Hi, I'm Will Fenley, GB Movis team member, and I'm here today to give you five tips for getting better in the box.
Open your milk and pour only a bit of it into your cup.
○ ○ ○ ○ ○ ○ ○
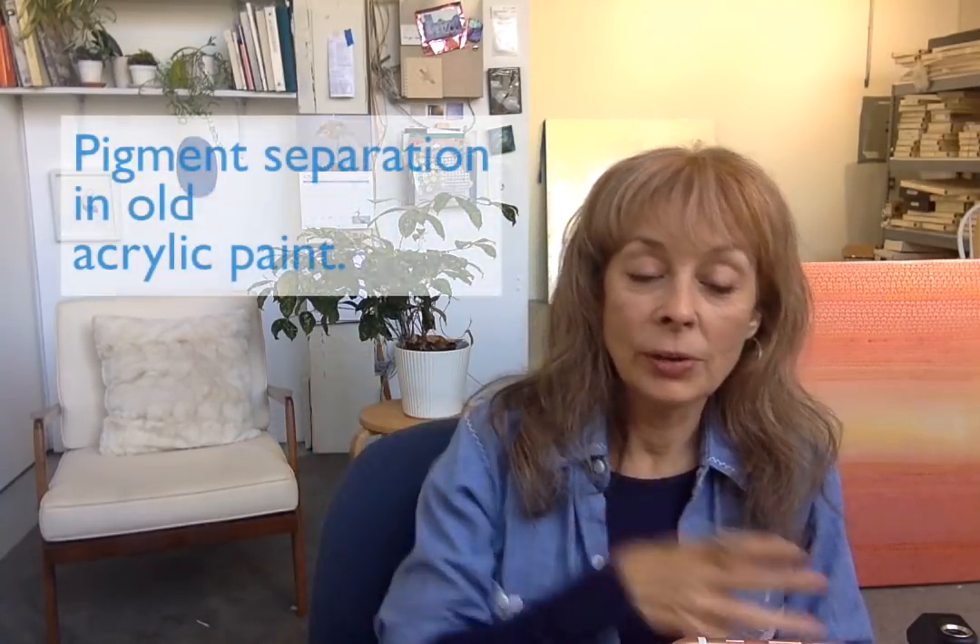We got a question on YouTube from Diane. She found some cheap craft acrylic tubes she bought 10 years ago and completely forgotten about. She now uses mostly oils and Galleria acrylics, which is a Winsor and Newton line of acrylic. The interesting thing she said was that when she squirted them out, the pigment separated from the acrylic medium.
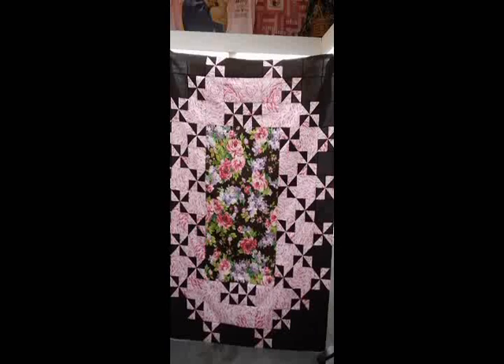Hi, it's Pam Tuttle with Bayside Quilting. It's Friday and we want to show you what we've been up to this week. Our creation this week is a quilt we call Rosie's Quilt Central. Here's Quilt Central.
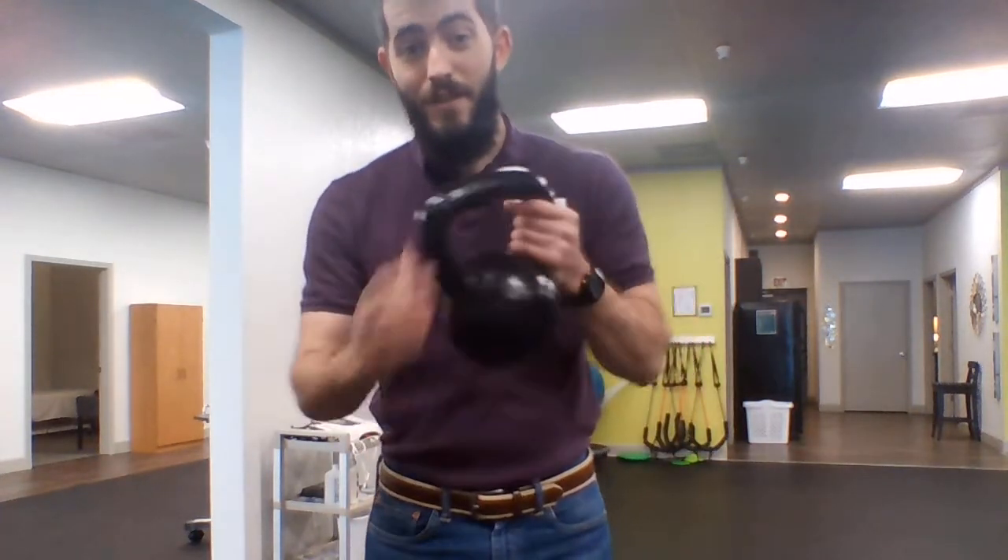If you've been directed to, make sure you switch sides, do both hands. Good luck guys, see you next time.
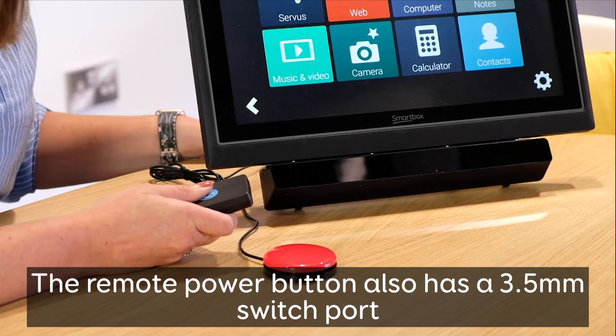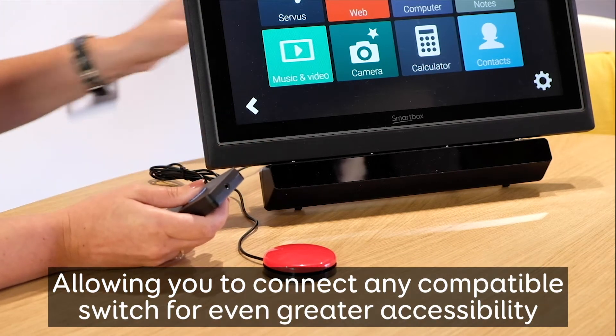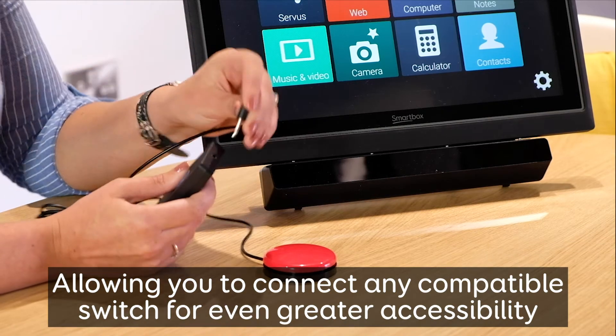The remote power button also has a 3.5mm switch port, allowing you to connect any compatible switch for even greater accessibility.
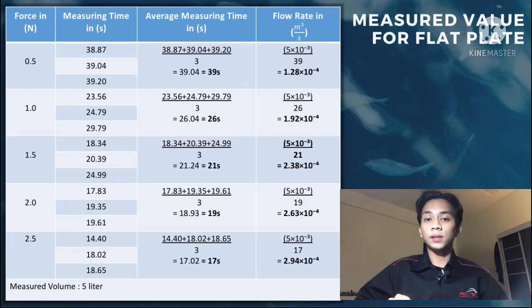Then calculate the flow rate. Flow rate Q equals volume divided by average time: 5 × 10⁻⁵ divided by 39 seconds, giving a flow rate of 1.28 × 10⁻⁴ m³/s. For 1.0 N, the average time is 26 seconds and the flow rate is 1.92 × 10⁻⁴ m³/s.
○ ○ ○ ○ ○ ○ ○
## ACTIVITY
Reproduce the data above exactly, but only from the line containing "We got a question" through the line containing "Then calculate the". Omit all pictures.

## OUTPUT FOR THIS EXERCISE
We got a question on YouTube from Diane. She found some cheap craft acrylic tubes she bought 10 years ago and completely forgotten about. She now uses mostly oils and Galleria acrylics, which is a Winsor and Newton line of acrylic. The interesting thing she said was that when she squirted them out, the pigment separated from the acrylic medium.
Hi, it's Pam Tuttle with Bayside Quilting. It's Friday and we want to show you what we've been up to this week. Our creation this week is a quilt we call Rosie's Quilt Central. Here's Quilt Central.
If you've been directed to, make sure you switch sides, do both hands. Good luck guys, see you next time.
The remote power button also has a 3.5mm switch port, allowing you to connect any compatible switch for even greater accessibility.
Then calculate the flow rate. Flow rate Q equals volume divided by average time: 5 × 10⁻⁵ divided by 39 seconds, giving a flow rate of 1.28 × 10⁻⁴ m³/s. For 1.0 N, the average time is 26 seconds and the flow rate is 1.92 × 10⁻⁴ m³/s.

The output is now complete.